Steamboat Springs A Utah company plans to bring air ambulance service back to Steamboat Springs two years after local service was discontinued in the wake of a crash that killed three people.
Joseph Hunt, president of Eagle Air Med in Blanding, Utah, said Friday his company intends to base a King Air C90B twin-engine turboprop air ambulance at Steamboat Springs Airport by April 16.
Eagle Air Med officials began talking with Yampa Valley Medical Center and Steamboat Springs city officials about six months ago about coming to Steamboat after basing a similar plane in Alamosa. The company also operates air ambulances in two small northeastern Arizona cities - Chinle and Kayenta.
"We recently based a plane in Alamosa, and Steamboat Springs seemed like a logical place to put a second aircraft," Hunt said. "We think Steamboat is in need of an air ambulance because it's a pretty rural area."
Karl Gills, the hospital's chief executive officer, said he is "pleased" to have an air ambulance return to the Yampa Valley because of the benefits it provides the community.
"It will return the local availability of emergency patient transfer to tertiary care centers when the patient condition requires transfer," he said. "It puts us at a higher level of service than most rural hospitals in the state and nation."
Air ambulance service halted after a Yampa Valley Air Ambulance crashed Jan. 11, 2005, near Rawlins, Wyo., in wintry weather. Three of the Steamboat Springs-based crew, including a pilot and two medical personnel, died during the accident. A fourth crew member sustained serious injuries, but survived the crash.

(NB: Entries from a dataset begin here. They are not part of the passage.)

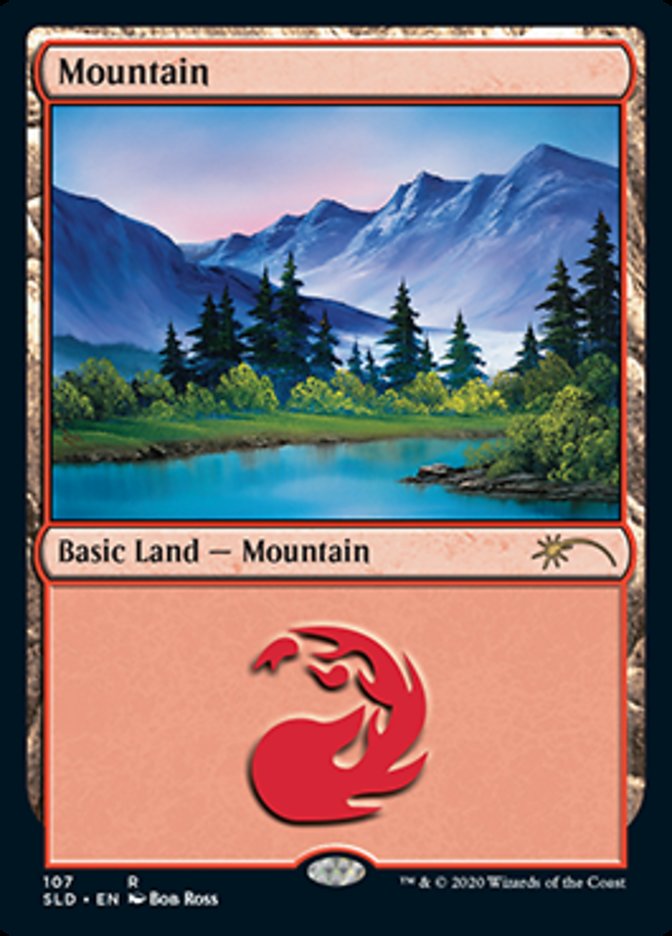 Mountain (107) [Secret Lair Drop Series] [Foil]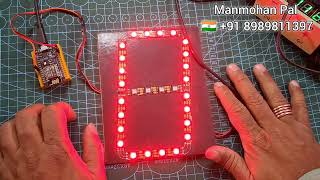 How to make and Control Pixel LED seven Segment digit using Arduino by Manmohan Pal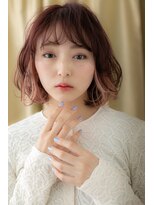 カバーヘア ブリス 戸田公園西口店(COVER HAIR bliss)&nbsp;ペールピンクツートンカラー大人ハイライトZ戸田公園10代20代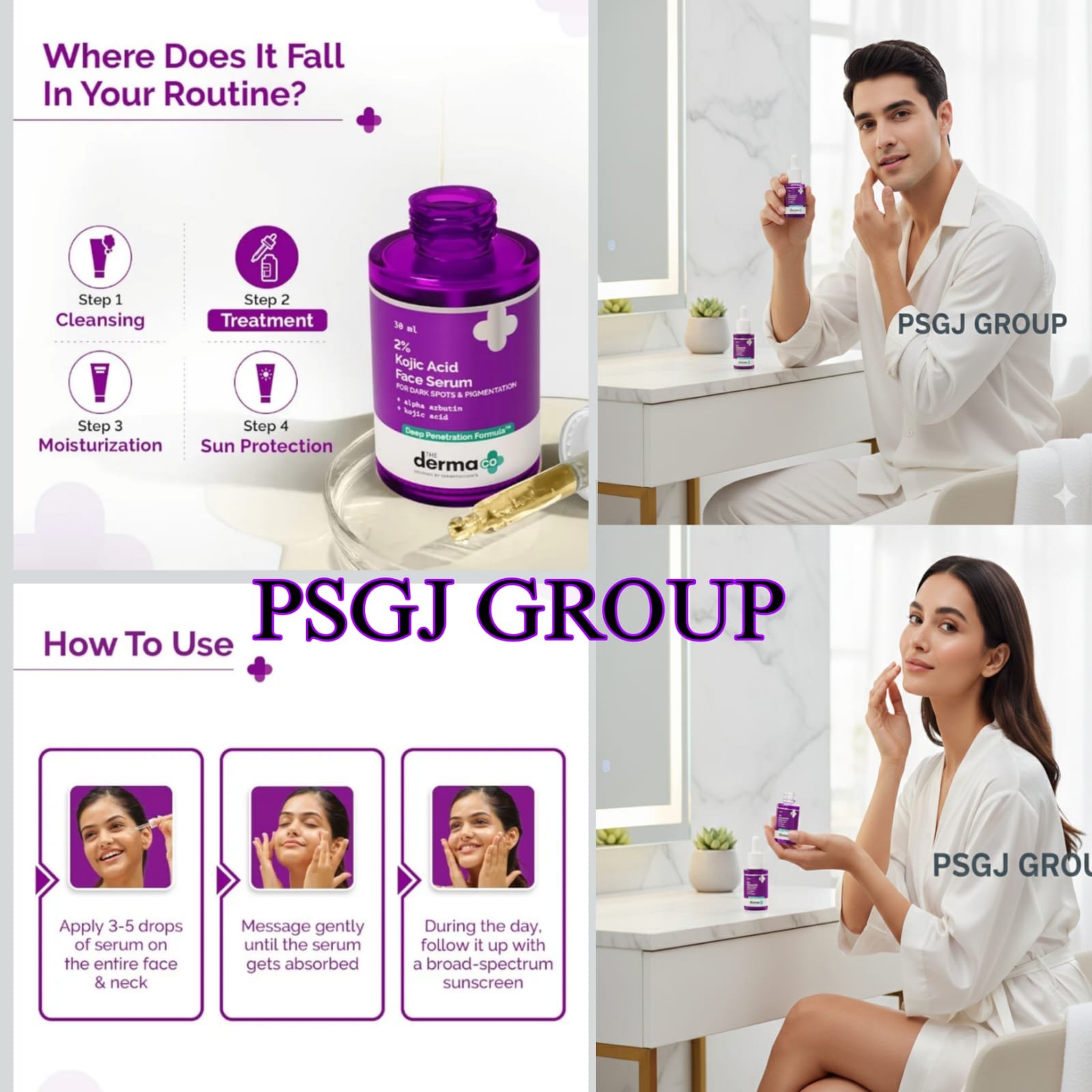KOJIC ACID FACE SERUM PSGJ GROUP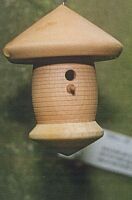 miniature birdbox; Ø 4,5 x 5,5 cm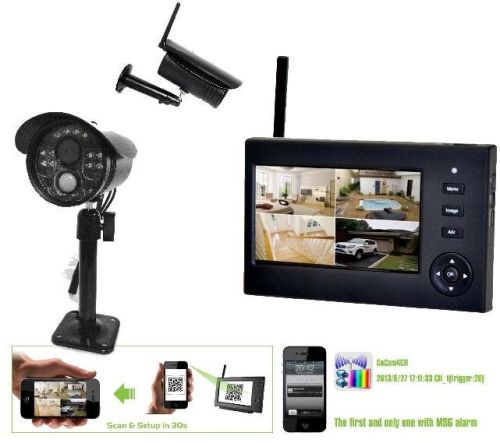 Remote Surveillance System, Color : Black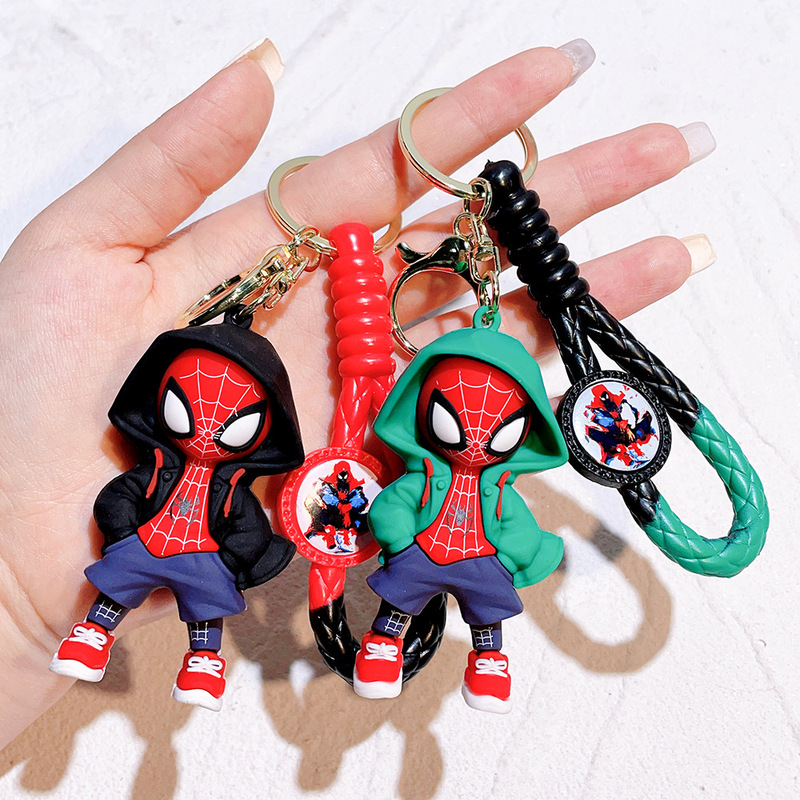 2024 Sweatshirt Spider-Man Knitted Marvel Keychain Doll Machine Foreign Trade Popular Souvenirs Small Gifts Giveaways 2024 Sweatshirt Spider-Man Knitted Marvel Keychain Doll Machine Foreign Trade Popular Souvenirs Small Gifts Giveaways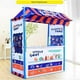 thumbnail image 2 of Tienda de campaña para casa de juegos de helados, carrito de negocios para niños, juguete de aprendizaje para niños Azul, 2 of 7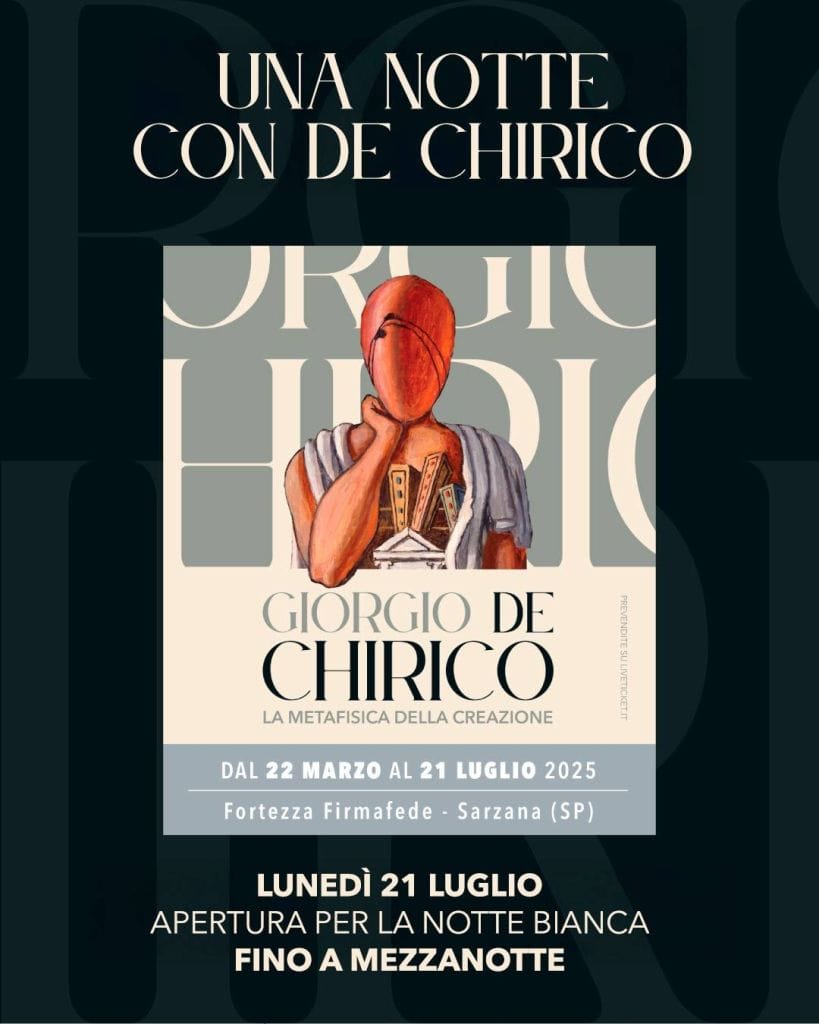 Giorgio de chirico a sarzana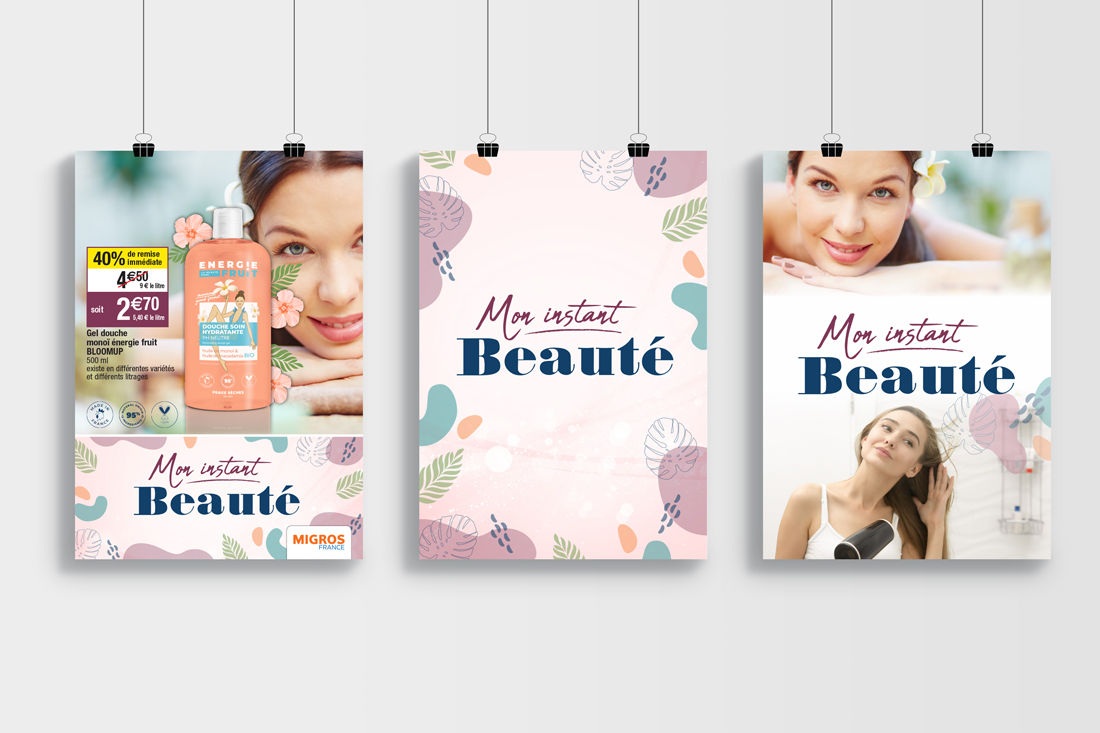 affichage beauté graphiste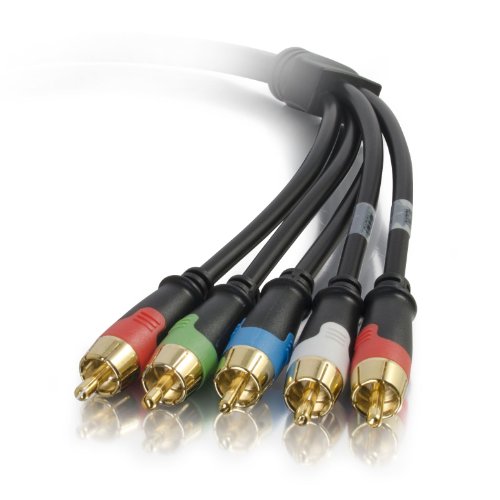C2G 60100 RapidRun Component Video and Stereo Audio Flying Lead (1.5 Feet, 0.45 Meters)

Despite the lack of a local air ambulance, medical patients continue to be flown from Yampa Valley Medical Center to other facilities around the state by air ambulances out of Denver.
Christine McKelvie, spokeswoman for the hospital, said 143 patients were transferred via air ambulance from Steamboat in 2005 and 132 patients were transferred in 2006. On average, 11.5 patients are transferred a month using air ambulance services.
Paula Golden, director of emergency and outpatient services at Yampa Valley Medical Center, said having access to a local air ambulance lessens the time patients have to wait for transfer.
"Time is of the essence when you're running against the clock," she said. "The sooner you can get a patient where he or she needs to go is key in improving or enhancing outcomes."
Helicopter ambulances from Denver can take up to two or three hours to reach Steamboat because they travel slower and a greater distance to reach patients, Hunt said.
"Our goal is to decrease the amount of time a patient waits for air medical service," he said. "With crews locally based, we're able to respond in about 15 or 20 minutes."
Eagle Air Med has been interviewing some local pilots and medical personnel to staff the air ambulance, Hunt said.
Air ambulances are most often used to transport patients suffering from severe trauma, cardiac or neurological problems or other medical issues the hospital is not equipped to handle, Golden said.
City officials said they have not received an official proposal from the company to base at the Steamboat Springs Airport.
Airport Manager Mel Baker said the company would have to go through a licensing process before it would be able to begin operating.
"We would have to wait and see what kind of agreement (Eagle Air Med) has made with the hospital before we'd move on anything," he said. "They've been in town a few times looking at our field, and there doesn't appear to be any problem with them flying out of here."
Eagle Air Med officials are in the process of preparing necessary paperwork to move forward, although Hunt did not know when anything would be finalized.